Auguri di Putin per la fine del Ramadan, allerta sicurezza a Mosca
Il presidente russo Vladimir Putin si è congratulato con i musulmani del Paese per l’inizio dell’Eid al-Fitr (Uraza-Bayram), la festa di tre giorni che segna la fine del Ramadan, il mese di digiuno e meditazione per i musulmani.
“Per secoli, questa festa ha incarnato le aspirazioni dei credenti al miglioramento morale, alla misericordia e alla compassione, ispirandoli con i valori intramontabili dell’Islam”, ha affermato nel suo messaggio di auguri pubblicato dal Cremlino. Il presidente russo ha osservato che “i musulmani russi rispettano profondamente le tradizioni storiche e spirituali dei loro antenati e celebrano ampiamente questa festa nelle loro comunità e famiglie”.
“E’ diventata una buona consuetudine organizzare grandi eventi di beneficenza, culturali, educativi e per bambini durante il mese sacro”, ha aggiunto.
Sebbene non esistano statistiche ufficiali sul numero di musulmani in Russia, si stima che siano circa 20 milioni.
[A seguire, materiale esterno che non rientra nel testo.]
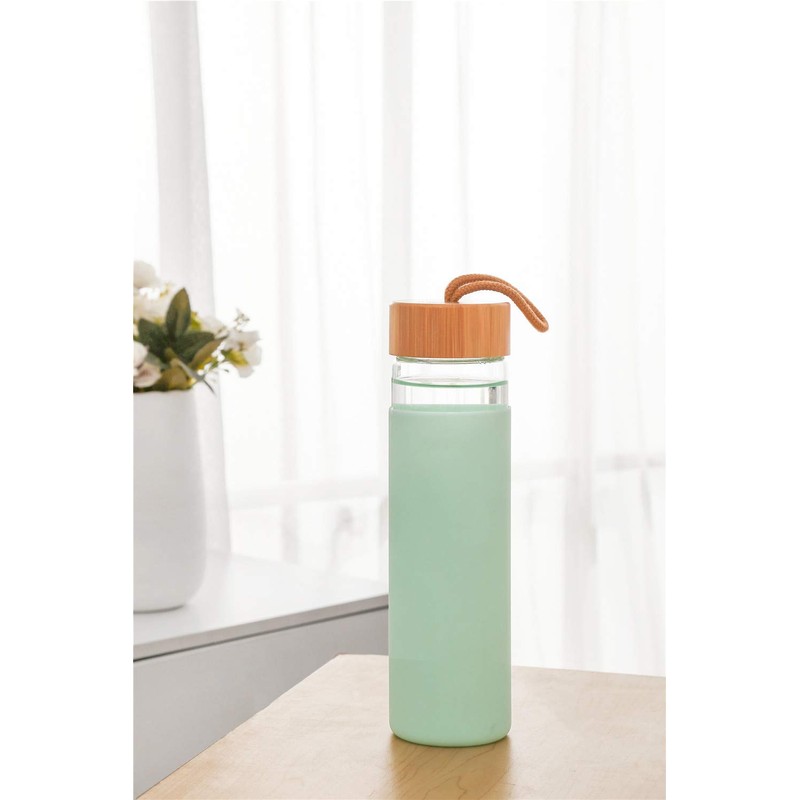 Yomious 20 Oz Borosilicate Glass Water Bottles with Silicone Sleeve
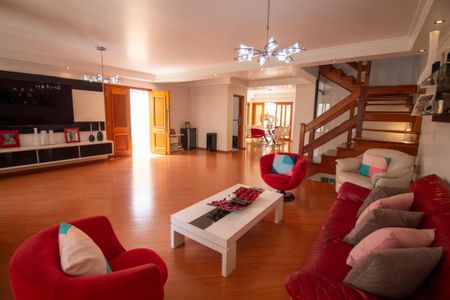 Sala de casa à venda com 4 quartos, 308m² em Parque Colonial, São Paulo
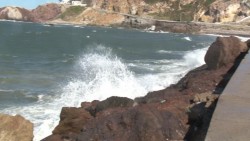 ¡Fuerte marejada y vientos se registran en Mazatlán!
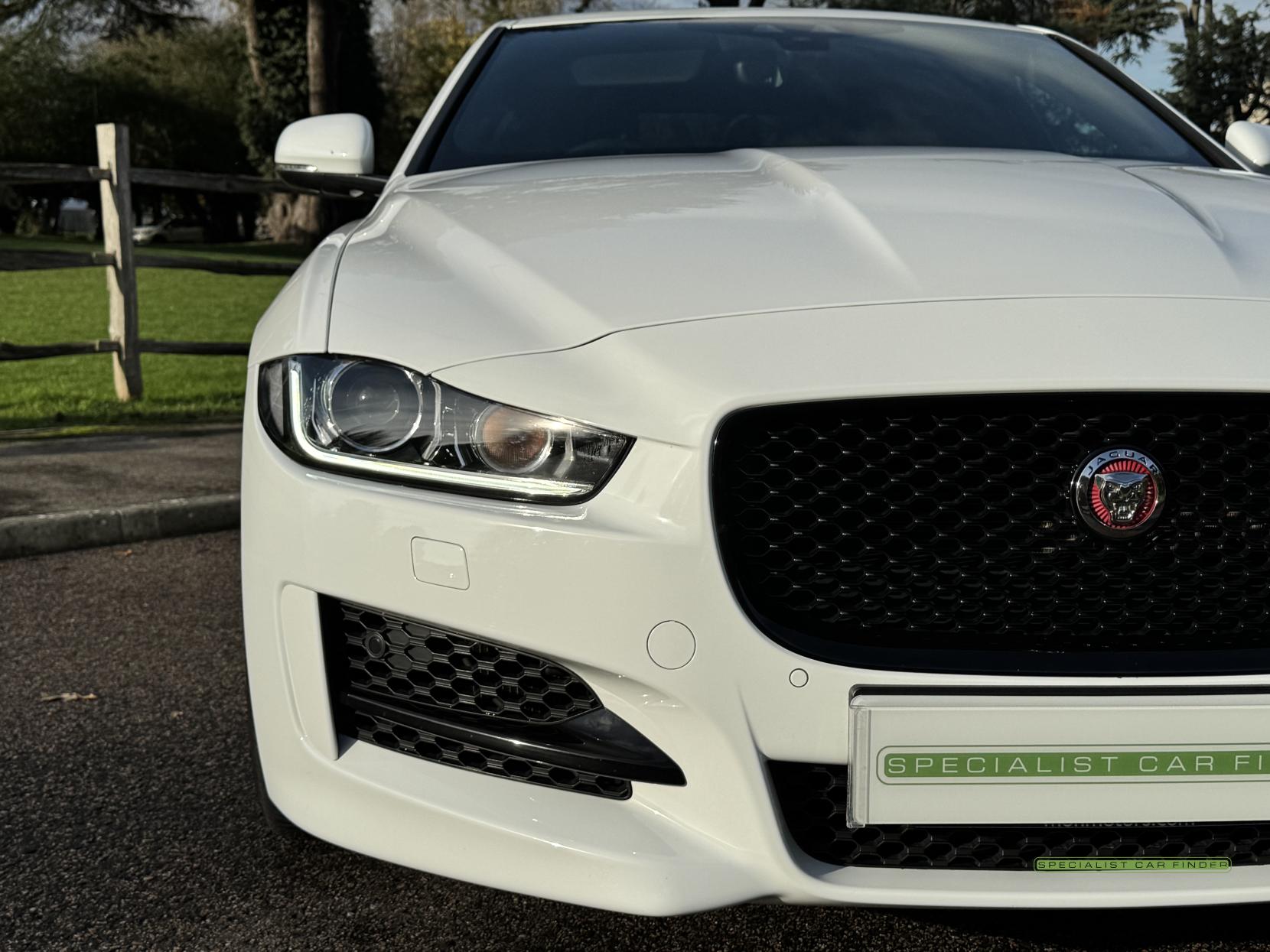 Jaguar XE 2.0i GPF R-Sport Saloon 4dr Petrol Auto Euro 6 (s/s) (250 ps)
A Mosca, in occasione della festività, le autorità hanno rafforzato le misure di sicurezza con il dispiegamento di ingenti contingenti di polizia intorno alle quattro moschee della città.
Decine di migliaia di fedeli, molti provenienti da Paesi dell’Asia centrale, si sono recati a pregare nella moschea di Mosca, sotto l’occhio vigile di centinaia di soldati della Guardia nazionale russa. Durante il Ramadan, il 22 marzo 2023, la Russia ha subito il più grave attentato terroristico degli ultimi anni: almeno 145 persone sono state uccise e oltre 500 ferite nell’attacco alla sala concerti Crocus City Hall, alla periferia di Mosca. Sebbene la strage sia stata rivendicata dallo Stato Islamico, le autorità russe insistono sul fatto che l’Ucraina ei suoi alleati occidentali siano responsabili dell’attacco.
Nel suo messaggio, Putin ha sottolineato che i musulmani contribuiscono in modo costruttivo “al rafforzamento dell’istituzione familiare e all’educazione dei giovani, promuovono un dialogo costruttivo con il governo e le istituzioni pubbliche e si dedicano alla realizzazione di iniziative patriottiche, educative e umanitarie”. Ha inoltre fatto riferimento ai musulmani che combattono nella guerra in Ucraina al fianco dei loro compagni di altre fedi. “Auguro loro salute, successo e tutto il meglio”, ha concluso.